» **Source data**
▶

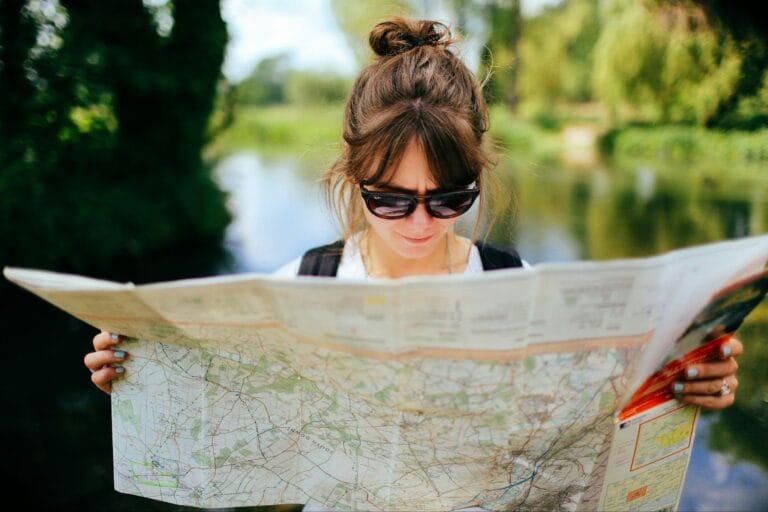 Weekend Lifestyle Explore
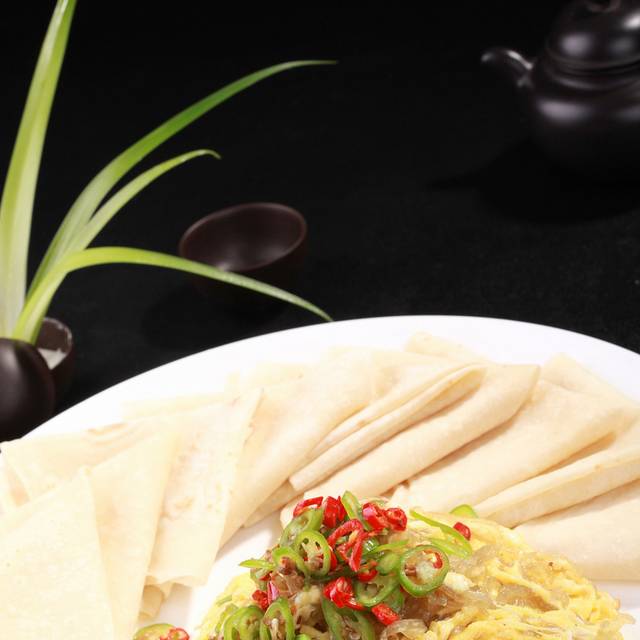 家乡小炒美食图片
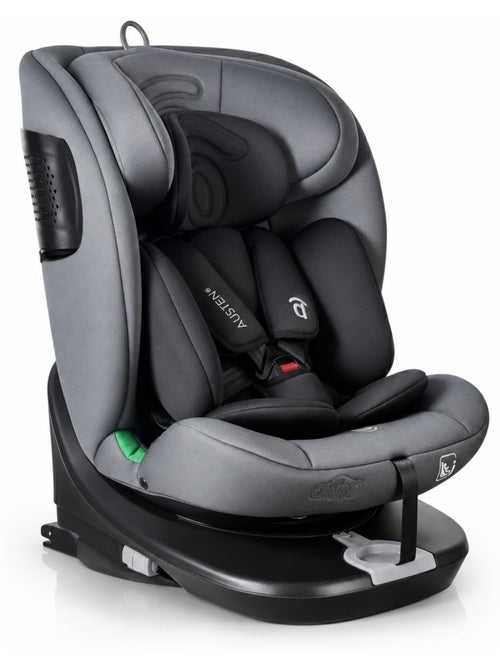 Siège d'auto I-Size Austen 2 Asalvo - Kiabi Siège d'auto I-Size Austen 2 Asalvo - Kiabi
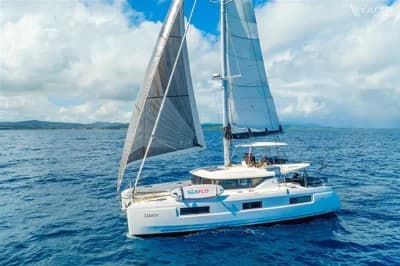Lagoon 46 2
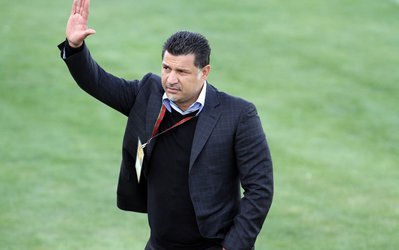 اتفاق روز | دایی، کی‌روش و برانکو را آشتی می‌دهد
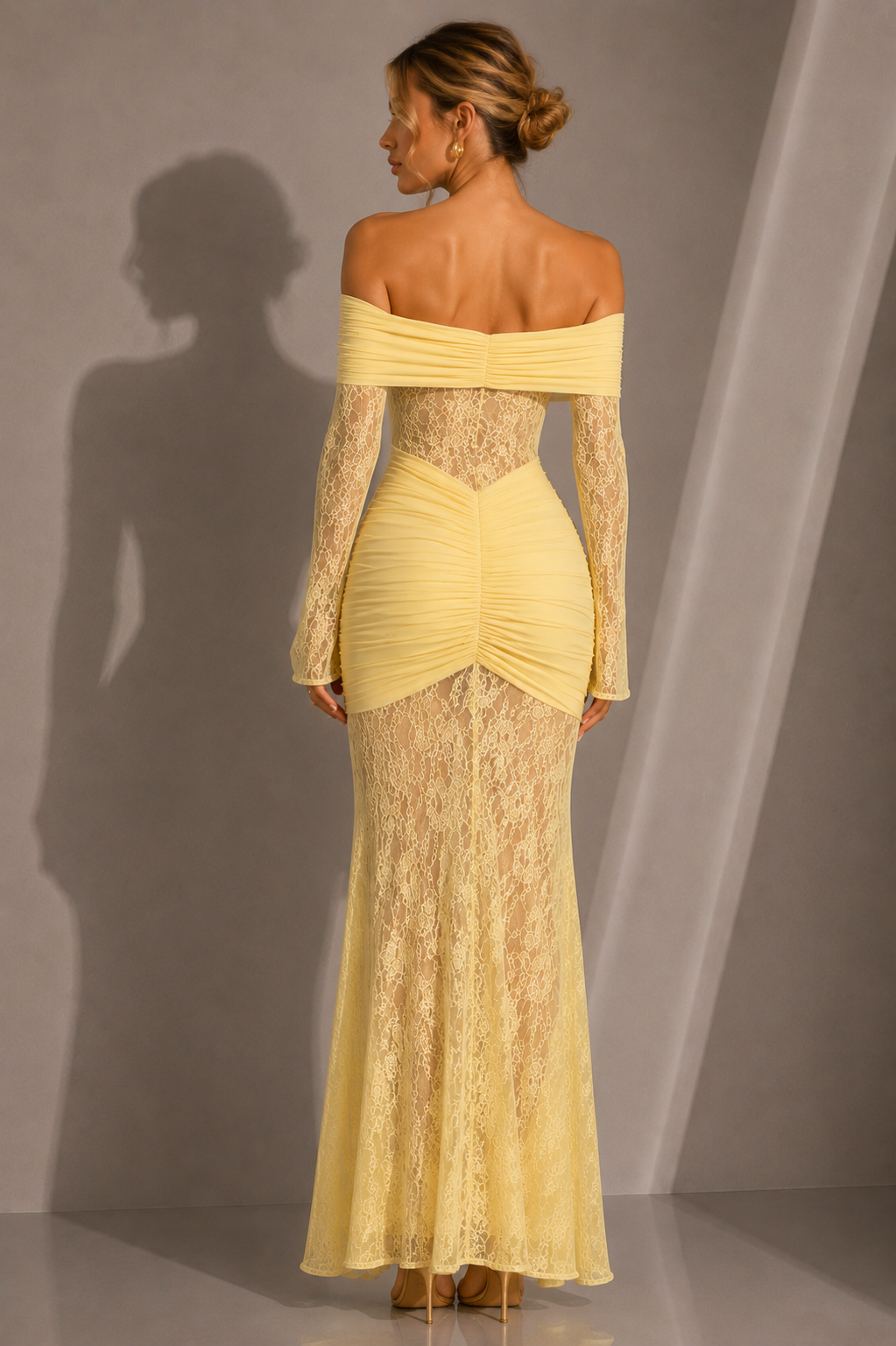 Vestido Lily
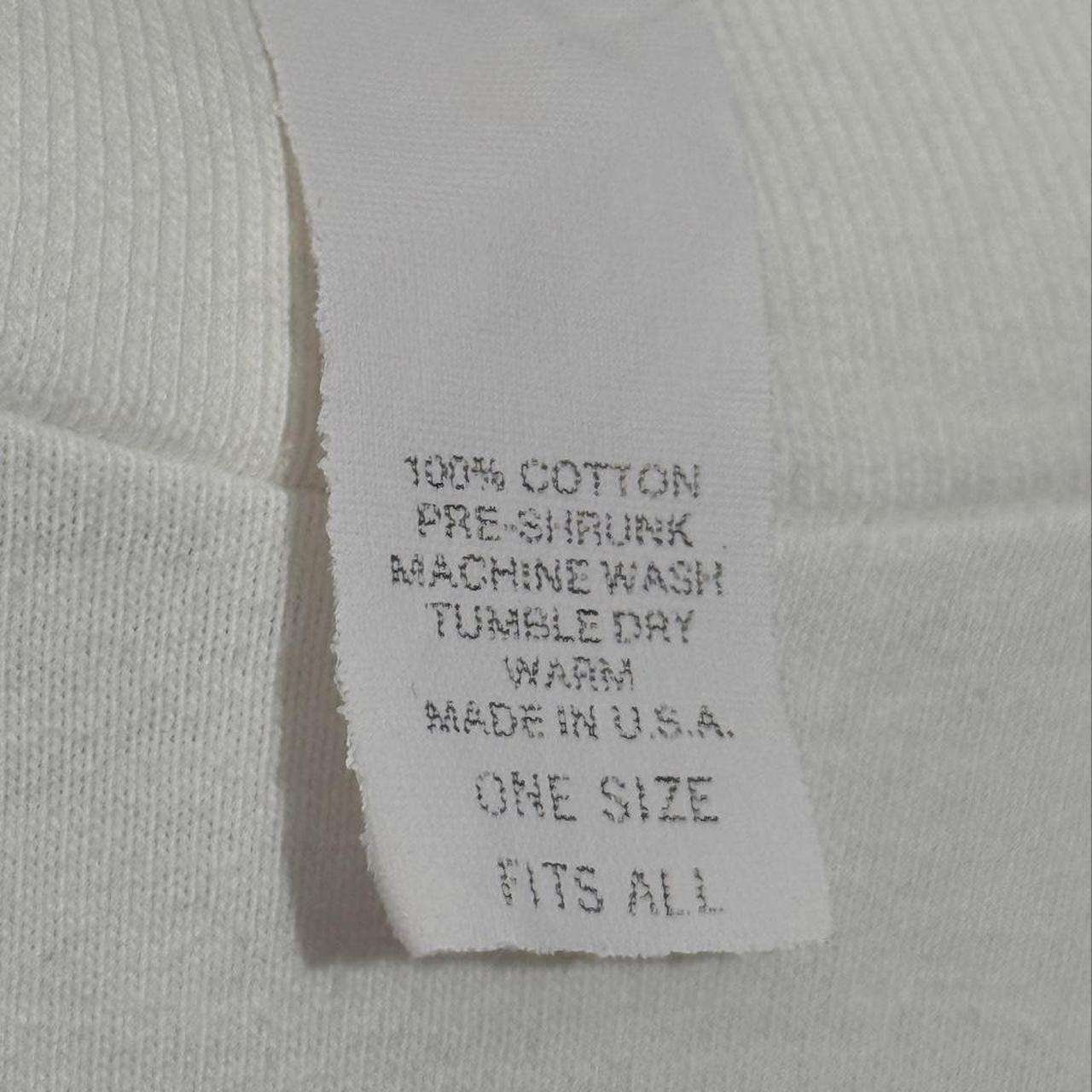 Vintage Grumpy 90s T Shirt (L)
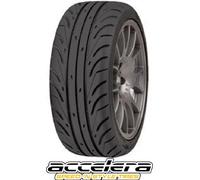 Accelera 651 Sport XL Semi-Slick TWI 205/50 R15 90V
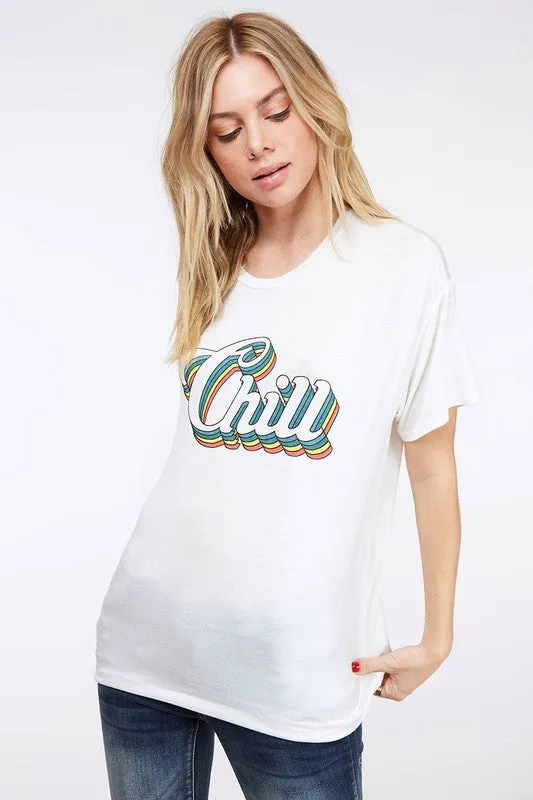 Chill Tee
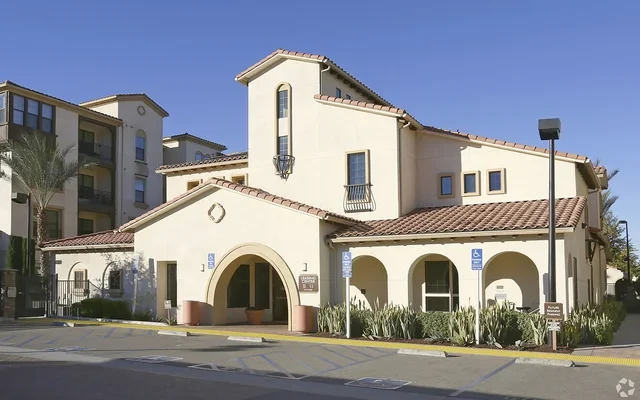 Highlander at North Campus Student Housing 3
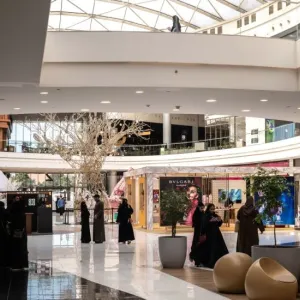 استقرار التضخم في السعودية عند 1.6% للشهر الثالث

◀

Copy all records exactly, no images.

 Weekend Lifestyle Explore
 家乡小炒美食图片
 Siège d'auto I-Size Austen 2 Asalvo - Kiabi Siège d'auto I-Size Austen 2 Asalvo - Kiabi
Lagoon 46 2
 اتفاق روز | دایی، کی‌روش و برانکو را آشتی می‌دهد
 Vestido Lily
 Vintage Grumpy 90s T Shirt (L)
 Accelera 651 Sport XL Semi-Slick TWI 205/50 R15 90V
 Chill Tee
 Highlander at North Campus Student Housing 3
 استقرار التضخم في السعودية عند 1.6% للشهر الثالث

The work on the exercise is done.